Major investors continue to push their bullish bets on oil futures to new heights, confident that the rally still has more room to run. Strong demand, falling inventories and geopolitical uncertainty have fueled a sense of optimism not seen in years.
But the risk is that investors are taking things too far, at least in the short run. As John Kemp of Reuters recently put it, the “accumulation of bullish positions is easily the largest on record and far outstrips anything seen even during the spike in oil prices during late 2007 and the first half of 2008.” He pointed out in his column that hedge funds now hold more than 10 long positions in oil futures for every short, a ratio that is sharply up from 1.60:1 from June 2017.
Such lopsided positioning looks overstretched, which could prompt a selloff as investors scramble for the exits. That kind of correction in both hedge fund positioning and crude prices has happened several times in just the past few years.
Other analysts are also sounding the alarm. “Typically when the boat gets tipped greatly to one side, like it is right now, you get a reversal,” John Kilduff, a partner at Again Capital LLC, told Bloomberg. “There’s a lot of technical aspects working against” the rally, he added.
It is not as if the bullishness is entirely unfounded. U.S. crude inventories have fallen sharply over the past year, and are at their lowest level since early 2015. Venezuela’s output is declining at a scary rate, and tension in the Middle East leaves open the possibility of more outages. All the while, demand continues its inexorable rise, year after year.
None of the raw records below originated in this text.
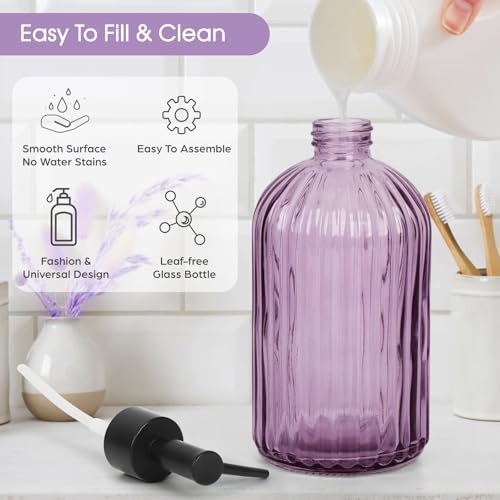 Topsky 2 Pack Purple Glass Soap Dispensers with Black Plastic Pump, 400ml Liquid Hand Soap Dispenser for Kitchen & Bathroom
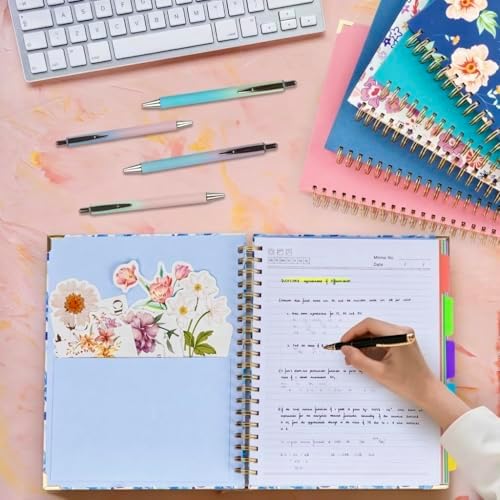 Hardcover Spiral Notebook 8.5" x 11" with Removable Dividers, 300 Pages 5 Subject College Ruled Notebook for Work with Tabs, A4 Spiral Journal for Women Men, School Students Note Taking, Blue Floral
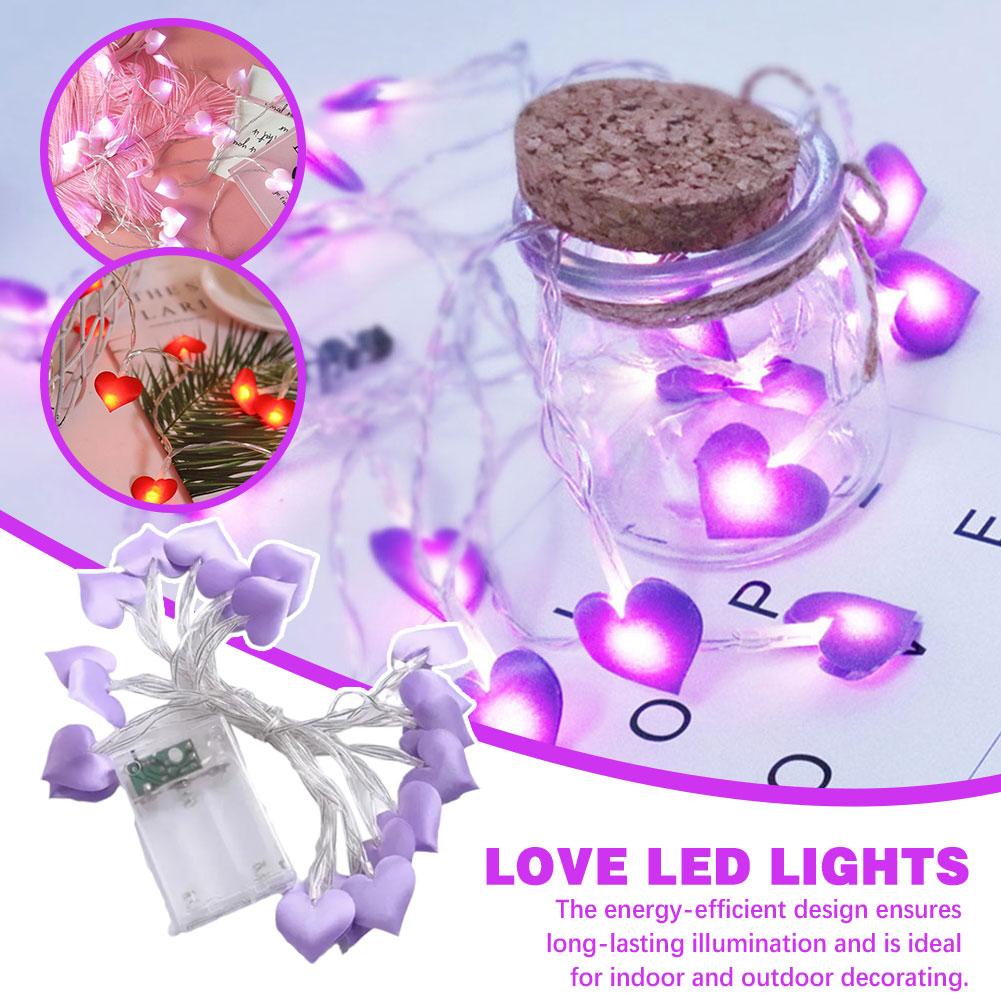 thumbnail image 2 of Wartleves Cadena de luces LED Love de 1,5 m, color rosa, morado y azul, para fiestas de Navidad, cumpleaños, L9, RÁPIDO, 2 of 7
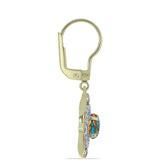 Cercei din Argint 925 Placat cu Aur ( 3.65 grame ) cu Turcoaz Oyster și Topaz Alb 1.6 Carate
But that doesn’t mean that prices will continue to increase uninterrupted. The steep increase in prices over the past few months may have outpaced the fundamentals. “[C]urrent prices appear over-stretched, and we expect a short-term correction to the downside. Crude oil looks overbought on a technical and positioning basis,” Standard Chartered analysts wrote in a research note. “The 14-day Relative Strength Indices (RSI 14) have been firmly in overbought territory since 10 January… While we think prices could still rise by a couple of dollars in the near term, the next USD 3-5/bbl move is likely to be down.”
Not everyone agrees. David Sheppard, energy markets editor at the FT, made the case that hedge funds and other money managers are not irrational to continue to scoop up bullish bets. He cites real progress in the fundamentals, which is solid evidence of a tightening oil market.
Perhaps more importantly, however, is the downward sloping futures curve. With near-term contracts trading at a premium to longer-dated futures — a structure known as backwardation — traders can turn a profit simply by taking long positions on crude, even taking into account a bit of volatility. By buying up contracts along the curve at lower prices, traders can sell higher priced spot contracts as they come up, pocketing the difference. The practice could earn traders a 5 percent return this year, Sheppard argues, which can certainly beat out other investments.
Sheppard does point out that such an investment strategy only works if the fundamentals continue to improve, providing the basis for elevated spot prices.
Whether or not the fundamentals do justify confidence in prices at current levels is, to a large degree, a matter of opinion. While some see more room to run, others see things getting out of hand. Norbert Ruecker, head of commodity research at Swiss bank Julius Baer, said a price "correction should occur... (as) hedge fund expectations for further rising prices have reached excessive levels,” according to CNBC.
What happens next will quite possibly hinge on whatever news trend investors latch on to. If, say, an outage occurs in Libya, or Venezuela reports another shocking decline in output, then hedge funds may not worry about the extreme net length right now in the futures market. On the flip side, if the U.S. rig count soars, or inventories start rising again, there will be a lot of pressure to liquidate those long bets.